One reason MetLife waited longer to try to sweep the group life records is that, in most cases, in the group life market, "the employer has the records," Katz said. "In many situations, it's the employer that submits the claims."

A few employers have conducted Death Master sweeps of their own employees' records, Katz said.

"Not many," Katz said. "A handful."

MetLife found that another challenge was that the company had not collected and stored Social Security numbers from insureds on a routine basis until the mid-1980s.

MetLife tried doing life policy Death Master sweeps for three states in 2004 and 2005, and then conducted a sweep of most of its life policies in 2007, Katz said.

MetLife found that it ended up paying more than 99% of the claims that it paid through the regular claims process, rather than through the sweeps, Katz said.

MetLife paid $44 billion in death benefits during the period covered by the sweep. The Death Master sweep identified insureds who had died with $83 million in death benefits in force; MetLife eventually found the beneficiaries for $51 million of the death benefits, and it put $32 million in death benefits into its unclaimed property handling system.
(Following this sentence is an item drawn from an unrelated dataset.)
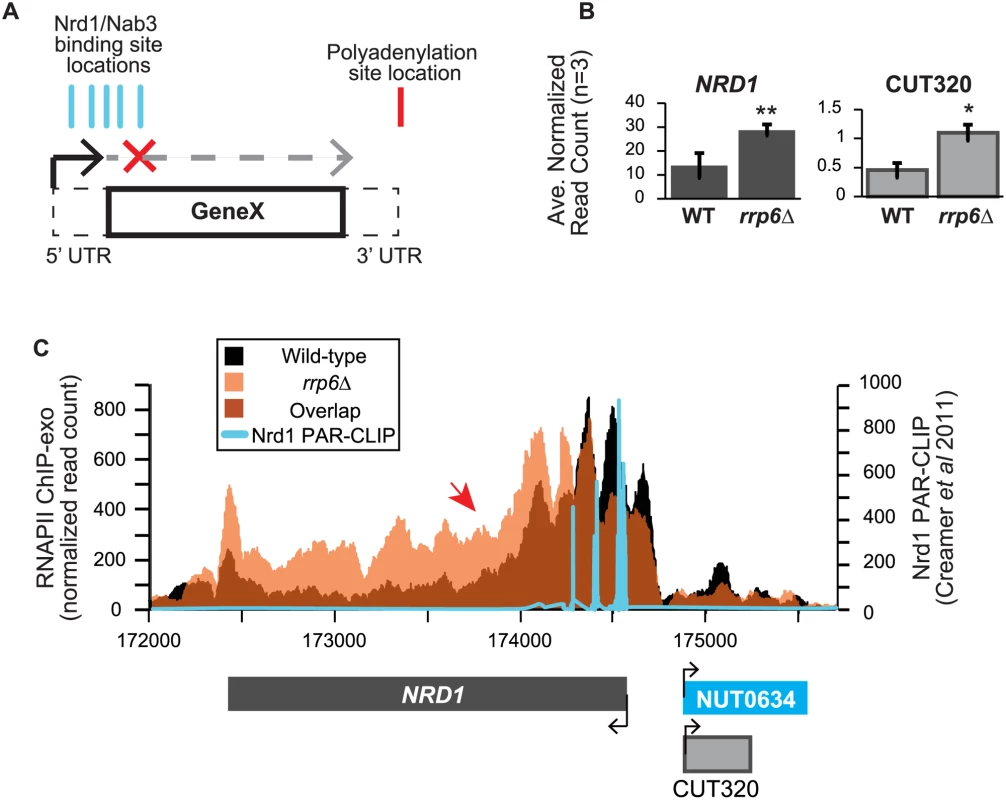 <i>NRD1</i> early termination requires Rrp6 for efficient RNAPII termination.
In 2010, MetLife decided to conduct annual Death Master sweeps, Katz said.

Regulators asked the MetLife executives to give them exact year when life insurance policy administration had been computerized and when Death Master sweeps had been introduced; the executives said they did not know the exact year.

A regulator also asked whether any executives could testify under oath that a document the company had submitted that describes the company's administration efforts is accurate. The executives asked for more time to go over the document.

Regulators later asked about the details about how MetLife had proceeded in 2007 when it uncovered 3-point Death Master File matches — a policyholder who had the same name, Social Security and date of birth as an individual in the Death Master File — and when it uncovered 2 point matches. A "2-point match" was a policyholder who had either the same name and Social Security number or the same date of birth and Social Security number as an individual in the Death Master File.

California Insurance Commissioner Dave Jones asked whether MetLife had published the names of the 3-point matches and 2-point matches that it had difficulty locating.

Katz told regulators that responding to some of their questions about the sweeps and post-sweep procedures was difficult.

"Many of the decisions were made well in the past," Katz said.

In a written statement, MetLife notes that it sold many low-death-benefit industrial life insurance policies from early in the 1900s up until 1964. MetLife began waiving any premium payments on premium-paying industrial policies with premiums paid through 1981, and it has no easy way to contact many of the holders of those policies, the company says.

MetLife found about 500,000 of the holders of the industrial policies in the 1980s, by organizing a "Family Reunion" media campaign. MetLife then made another major effort to reconnect with policyholders around 2000, in preparation for demutualization.